The High Court in Glasgow heard fingerprints on a box containing almost £40,000 of drugs money linked 25-year-old Daniel Adams, from Aberdeen, to co-accused Ian Austin, 38, from Liverpool.
Adams was sentenced to 58 months in prison. Austin – who claimed the cash came from selling snakes – was jailed for 43 months.
Judge Lady Rae told the pair: “This is an evil trade that you are involved in. Lives are blighted by drugs.
“You both played an important role in this trade.
“What must your children think of you both? What sort of example are you giving to youngsters? I see the misery of drugs day in day out in this job and it is not a pleasant experience.”

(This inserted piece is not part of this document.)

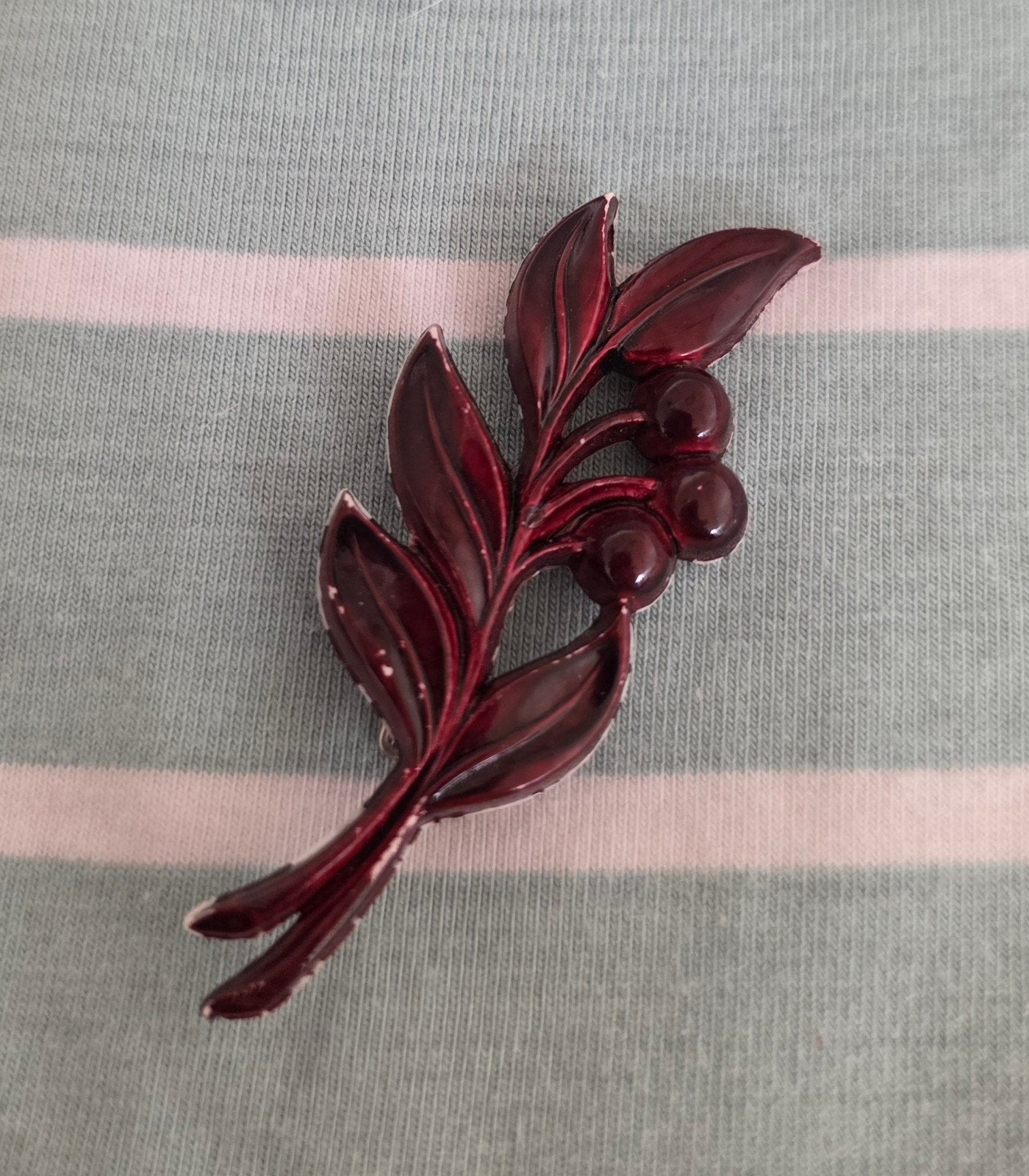 Originele Vintage broche  HULST-TAK, Ophalen of Verzenden, Zo goed als nieuw, 4 tot 7 cm, Overige materialen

Adams and Austin admitted being concerned in the supply of cannabis resin in September last year
The court heard after receiving information an organised crime gang was operating in the Aberdeen area and dealing in drugs, an undercover operation was set up which snared Adams and Austin.
Dad-of-two Adams was seen leaving a flat in Balgownie Court, Aberdeen, carrying a rucksack and giving it to Austin, who drove off.
Austin’s car was later stopped and searched, and £39,920 in cash was found in a shoebox inside the rucksack.
During a police interview Austin initially told police: “I breed Boa Python snakes and came from Liverpool to Aberdeen to supply a man with snakes.”
Adams was caught on the M74 near Bothwell, Lanarkshire. When the car in which he was a passenger was searched, a large quantity of cannabis resin was discovered.
Austin’s defence counsel Derick Nelson said that his client owed money to drug dealers.
Ronnie Renucci, defending Adams, said: “He accepts he had a choice and made the wrong choice. He recognises he has let himself down and let his family down.”
Detective Inspector Robin Sim, of the Organised Crime and Counter-Terrorism Unit in Aberdeen, said: “We had a lot of intelligence from people across Aberdeen about Adams, who turned out to be high up in the supply of controlled drugs across the city.”